There are five headings that I want to focus on. The first two expose my thinking that the relationship between Probation Professional and the individual Service User is of key importance. The third and fourth look beyond the first two to the wider Community in which they are situated and the Criminal Justice System which is their starting point of a kind and ongoing interest. The fifth risks being contentious. Over the years, I like many who read this blog, have become aware that crime and criminal justice have been something of a political football, often populist and sound bite, whose kicking then has had real and often unintended consequences. The fifth heading is called the Political Domain.
1. Probation Professional
2. Service User
3. Community
4. Criminal Justice System
5. Political Domain
Probation Professional
The Probation Service has traditionally drawn on a wide cross section of individuals and provided them with a route to qualification as Probation Professionals. The qualifications have been significant, a mixture of practice based and academic assessment. This in my view has provided for a highly skilled workforce and a healthy diversity of person and background. Practitioners and others have then had opportunities to progress their careers in a range of setting with their foundation qualification as an overarching platform on which to base their ongoing learning and development. My experience has been one where there has been plenty of opportunity to access further learning and different positions that have enabled me to become a more rounded and experienced practitioner. This has resulted I believe in enabling practitioners to find greater satisfaction and longevity in their careers as well as provide the employer with a flexible and motivated staff group. If, as I believe, Probation work is complex then I feel that there is much to be lost and little to be gained by failing to continue to invest in practitioner and others development in this way. I would argue that further investment is needed to truly cement probation work as a modern profession and Probation Professionals need to be provided with ease of career mobility. I make the following observations and suggestions.

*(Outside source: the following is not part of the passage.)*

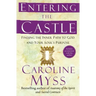 Entering the Castle: Finding the Inner Path to God and Your Soul's Purpose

Since I qualified I have attended many, many further training opportunities but these have been poorly recorded and developed. I have kept a record but the organisations I have worked for have not kept a meaningful record. I have never been sufficiently asked to evidence my continuing professional development or validate my continued professional status. I have been fortunate to have had my work in group programmes and my work in the training room peer and tutor reviewed and feedback for the purposes of professional development provided and it has been in these instances that I have made notable learning and development in my practice. It is plainly wrong in my view that the many years working one to one with service users beyond my initial training and qualification period has never been officially observed, not once. This is a huge missed opportunity for anyone who wants to call themselves a Probation Professional in my view. If like me you hold the belief that the relationship between the Probation Professional and Service User is fundamental to Probation Practice then a mixture of self, peer lead reflection and professional supervision is the answer I would suggest.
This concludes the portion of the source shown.